I hear the door creak open and I immediately stiffen. Lennox will not appreciate anyone seeing him this way.
Over the years he’s prided himself on just how put together he is.
College. Football.
Reaching his goals and achieving his dreams.
He thrives on rising above the system that held him down for so long. And now his whole world is crumbling around him, and whoever is in the room with me is getting a front row seat to all the destruction.
As his crying subsides, a large body breaches my peripheral vision and a clean and mildly refreshed looking Samuel comes into view.
“Is he okay?” he asks, concern etched in every line of his face.
Subtly I try to shake my head, but Lennox catches the movement and tilts his head so he’s now looking at Samuel.
Intently, I watch the way his eyes fill with gratitude at the familiarity his friend being here offers. I don’t know what they are, but whatever it is between them, I know they’re both important to one another. And I know without a shadow of a doubt Samuel cares deeply for Lennox.
Sexuality isn’t something we’ve ever discussed, whether it be a conversation between Lennox and me, or the five of us talking specifics. It’s always been an unspoken rule: you are who you are and you love who you love; you never need to explain that.

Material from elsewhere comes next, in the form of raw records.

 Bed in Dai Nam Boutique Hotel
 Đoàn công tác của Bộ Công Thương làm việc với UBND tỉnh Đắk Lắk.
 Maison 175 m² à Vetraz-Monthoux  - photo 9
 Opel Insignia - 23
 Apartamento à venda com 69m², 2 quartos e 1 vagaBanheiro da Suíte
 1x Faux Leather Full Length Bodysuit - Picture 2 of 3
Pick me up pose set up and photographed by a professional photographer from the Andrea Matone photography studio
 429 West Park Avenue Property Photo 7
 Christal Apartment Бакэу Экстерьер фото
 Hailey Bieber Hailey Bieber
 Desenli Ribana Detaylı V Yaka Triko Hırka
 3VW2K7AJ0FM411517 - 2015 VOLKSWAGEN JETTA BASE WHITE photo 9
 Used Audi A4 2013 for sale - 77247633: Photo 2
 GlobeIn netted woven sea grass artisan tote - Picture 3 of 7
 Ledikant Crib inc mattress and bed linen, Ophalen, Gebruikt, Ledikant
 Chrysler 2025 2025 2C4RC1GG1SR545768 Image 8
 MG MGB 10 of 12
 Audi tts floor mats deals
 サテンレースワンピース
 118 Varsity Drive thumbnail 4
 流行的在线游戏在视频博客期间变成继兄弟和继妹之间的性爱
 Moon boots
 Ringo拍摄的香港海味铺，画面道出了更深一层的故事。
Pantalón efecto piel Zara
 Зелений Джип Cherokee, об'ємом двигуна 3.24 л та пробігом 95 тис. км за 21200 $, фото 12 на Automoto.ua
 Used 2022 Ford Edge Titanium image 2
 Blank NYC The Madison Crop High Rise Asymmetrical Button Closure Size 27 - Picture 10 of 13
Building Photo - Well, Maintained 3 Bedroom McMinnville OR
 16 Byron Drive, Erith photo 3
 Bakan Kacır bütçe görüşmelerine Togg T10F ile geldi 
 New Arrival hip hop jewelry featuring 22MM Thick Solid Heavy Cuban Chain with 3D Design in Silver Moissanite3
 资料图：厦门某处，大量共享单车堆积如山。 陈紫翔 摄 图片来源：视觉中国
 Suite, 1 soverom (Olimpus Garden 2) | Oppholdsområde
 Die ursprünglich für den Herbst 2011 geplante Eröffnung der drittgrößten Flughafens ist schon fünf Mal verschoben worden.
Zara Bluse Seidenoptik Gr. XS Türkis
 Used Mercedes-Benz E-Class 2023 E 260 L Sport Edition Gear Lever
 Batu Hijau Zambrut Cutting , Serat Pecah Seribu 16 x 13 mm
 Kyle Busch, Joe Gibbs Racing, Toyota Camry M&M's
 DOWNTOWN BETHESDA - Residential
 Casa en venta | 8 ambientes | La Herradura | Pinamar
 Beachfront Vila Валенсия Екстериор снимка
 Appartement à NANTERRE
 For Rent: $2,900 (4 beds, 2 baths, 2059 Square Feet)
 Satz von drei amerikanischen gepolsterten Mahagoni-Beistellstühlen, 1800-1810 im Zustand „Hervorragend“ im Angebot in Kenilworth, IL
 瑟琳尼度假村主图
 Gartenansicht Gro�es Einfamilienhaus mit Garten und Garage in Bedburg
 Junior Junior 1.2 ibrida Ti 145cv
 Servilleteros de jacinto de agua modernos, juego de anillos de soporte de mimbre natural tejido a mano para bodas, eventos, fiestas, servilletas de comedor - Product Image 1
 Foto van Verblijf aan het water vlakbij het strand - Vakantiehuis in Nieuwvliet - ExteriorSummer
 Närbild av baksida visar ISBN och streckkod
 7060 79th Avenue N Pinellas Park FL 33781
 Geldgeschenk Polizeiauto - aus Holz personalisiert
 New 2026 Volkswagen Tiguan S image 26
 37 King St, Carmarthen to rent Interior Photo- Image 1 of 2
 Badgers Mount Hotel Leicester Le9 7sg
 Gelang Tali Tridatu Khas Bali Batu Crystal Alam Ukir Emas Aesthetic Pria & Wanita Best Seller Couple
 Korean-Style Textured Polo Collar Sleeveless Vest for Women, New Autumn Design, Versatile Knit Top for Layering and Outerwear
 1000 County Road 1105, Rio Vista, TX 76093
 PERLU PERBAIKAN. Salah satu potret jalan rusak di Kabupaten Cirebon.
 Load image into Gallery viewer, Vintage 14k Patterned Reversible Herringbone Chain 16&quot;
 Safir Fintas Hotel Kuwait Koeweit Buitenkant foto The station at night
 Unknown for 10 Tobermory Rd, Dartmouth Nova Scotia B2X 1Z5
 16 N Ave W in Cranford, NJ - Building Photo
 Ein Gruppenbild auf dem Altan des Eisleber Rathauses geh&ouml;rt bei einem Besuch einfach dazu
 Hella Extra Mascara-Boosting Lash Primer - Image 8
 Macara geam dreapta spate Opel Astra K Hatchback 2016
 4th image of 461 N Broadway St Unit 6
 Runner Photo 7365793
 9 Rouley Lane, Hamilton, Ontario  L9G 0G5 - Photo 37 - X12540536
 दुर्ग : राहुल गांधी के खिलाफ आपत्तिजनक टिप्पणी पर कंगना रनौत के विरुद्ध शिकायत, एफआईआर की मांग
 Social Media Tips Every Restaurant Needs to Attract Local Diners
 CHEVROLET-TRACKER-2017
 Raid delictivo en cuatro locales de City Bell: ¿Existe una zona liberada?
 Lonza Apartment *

Slowly, Lennox peels himself off of me and lets his eyes dart between us. “I need to sleep,” he says, surprising us both. “Can one or both of you sit here with me while I do?”
We nod, but then he looks at me, and only me. As if all the time and distance between us never happened, I read him like an open book.
Because I know that look and I know what he’s asking of me.
Please don’t talk about me while I’m asleep.
Swallowing hard, I hold my hand out to him and he takes it. I squeeze his fingers tight, acknowledging this new insecurity of his and offer him my unspoken promise.
I won’t tell him anything without you.
8
ARLO
Ishould be heading to the gym, but it’s much more of a struggle to leave now that the situation I was avoiding at the hospital has already happened.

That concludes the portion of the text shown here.